Lidar and camera fusion for object distance estimation in self-driving vehicles

Hey guys, I’m working on the perception of a self-driving car and I will like to estimate the distance between my car and other objects beside it. So I don’t know how to do the fusion of the camera data and lidar data so as to get the object detection and classifications of the camera and the distance estimation of the lidar. I’m thinking of doing a projection of the lidar 3D points cloud on to the camera image but after getting the image how can I calculate the distance using the image’s pixel ??

I read somewhere that If i know the object dimensions like width in the real world I can calculate the scale factor then calculate the distance but in my case I don’t know the objects dimensions.

It’s an interesting question, of course. At a first principles level, this is just 3d geometry. If the “PoV” of both sensors were the same point, then it would be straightforward, wouldn’t it? In that case you could literally map the lidar points onto the image and then use the object detection and you’re basically done. Well, maybe there’s a bit of distortion created by the camera lens that you need to compensate for and you’d probably need some sanity checks: e.g. you have lidar points with very different distance values mapping to the same object identified in the camera image. But things get bit more complicated because the PoV of the two images is probably not the same and might even be quite a bit different, say on the order of 1 meter or more.

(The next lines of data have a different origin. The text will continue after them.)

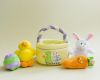 Picture of Genius Baby Toys Baby's My First Easter Basket: Deluxe 5-Piece Set with Easter Bunny, Baby Chick, Carrot & Easter Egg - Perfect Easter Baby Toy for Sensory Play & Keepsake Gift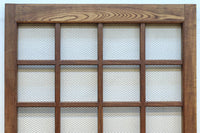 幅1296ミリ　升格子枠で開放感ある総欅越後蔵戸　G2512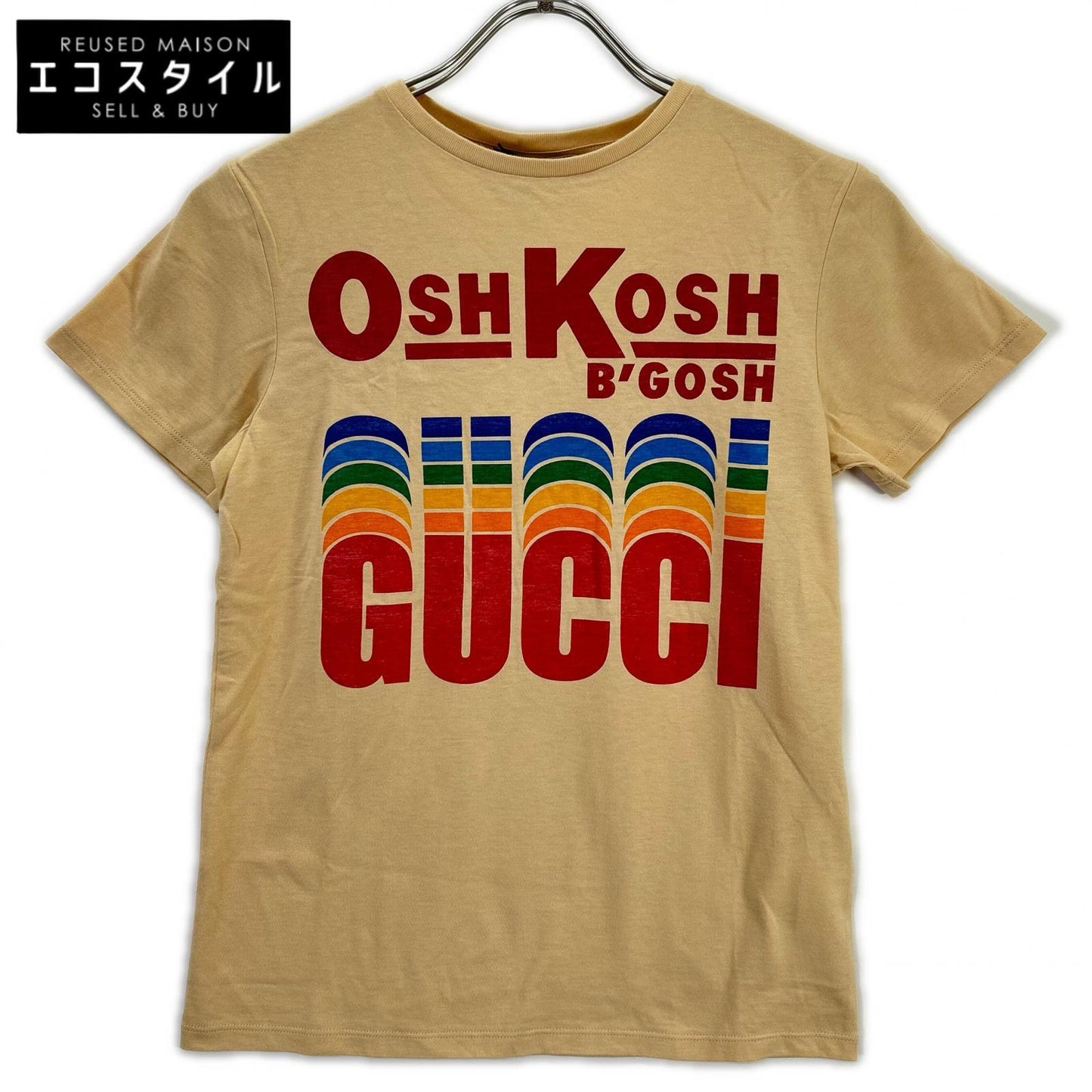 GUCCI グッチ ×OSHKOSHオシュコシュ 547559 ロゴプリントTシャツ トップス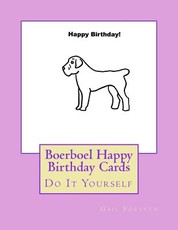 Boerboel Happy Birthday Cards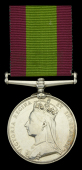 Afghanistan 1878-80, no clasp (Offg. Supt. Mr. A. J. M. Reade. Tele. Dep.) minor edge nick, good very fine	 £100-£140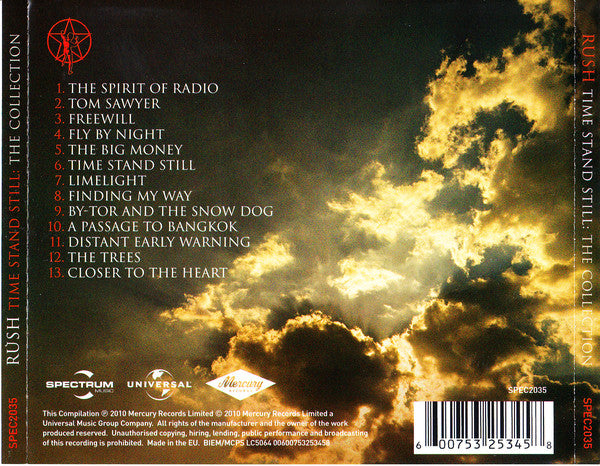 CD Rush ‎• Time Stand Still: The Collection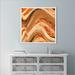 Ivy Bronx 'New Concept II' Framed Acrylic Painting Print On Canvas in Orange | 39.5 H x 39.5 W x 2 D in | Wayfair 31019B2AC1324E138A17879EBE590DA1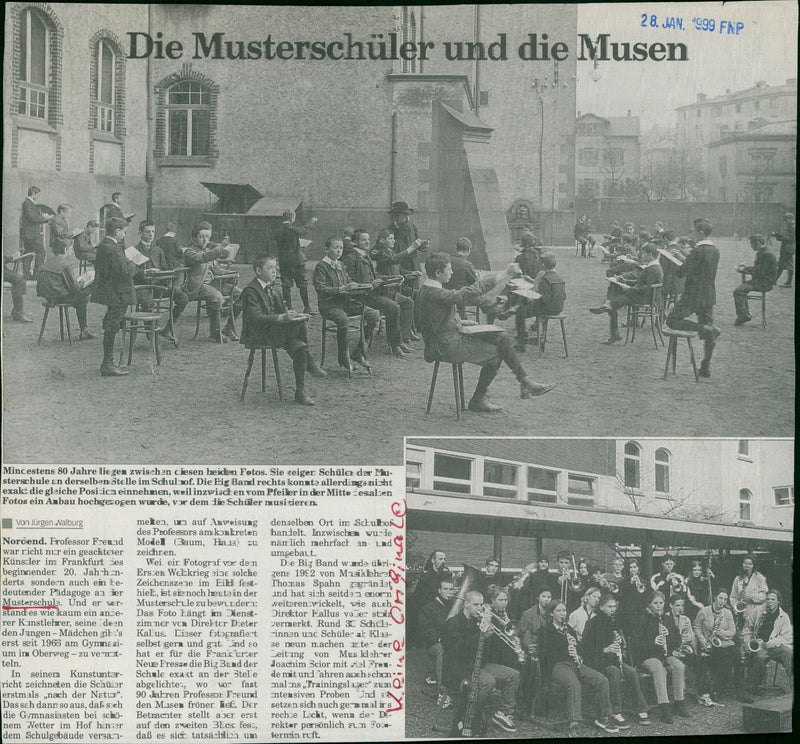 1963 RUSTERSCHUL MODEL SCHOOLS AND MUSES MIN ROTH BAND PAUL VERA - Vintage Photograph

But it must be the case that you’re not the first person to be faced with this problem. Have you tried doing a search for papers on this? Maybe the key info is proprietary, but you’ve got to believe that Waymo, Aurora, Zoox and others have solved this problem. Surely they’ve written a paper or made some conference presentations to brag about their technology that would at least point you in a direction, even if they don’t release the design or the code.

@Ndulkalion I agree with what Paul said as POV is going to be one of your major points of concern.

My thought is: Why not just calibrate it ?

I.e. Try to position the camera/LIDAR as close as possible on your Z axis (or, I guess, however you plan to use it, but keeping the same axis for starters makes this a lot simpler to find the relationship) in a fixed position and put yourself together a target (something with reg marks or similar). Then derive images from the camera and the lidar at the same time. Repeat this step a number of times at known distances from the sensor(s).

Doing this should give you a pretty good dataset to work with in understanding the function between the two sensors.

P.s. Reg marks are so that you actually get some ‘useful’ (i.e. easily interpretable info from your camera image), rather than just ‘this object is there’.

Yes. I did some research about that… There is an interesting paper talking about the fusion of these sensors and have some good results so I’m trying to implement what they did even though they didn’t gave the codes. The paper name is " LiDAR and Camera Fusion Approach for Object Distance Estimation in Self-Driving Vehicles" by G Ajay Kumar and Jin-Hee Lee. But upto now I didn’t succeed.

1 Like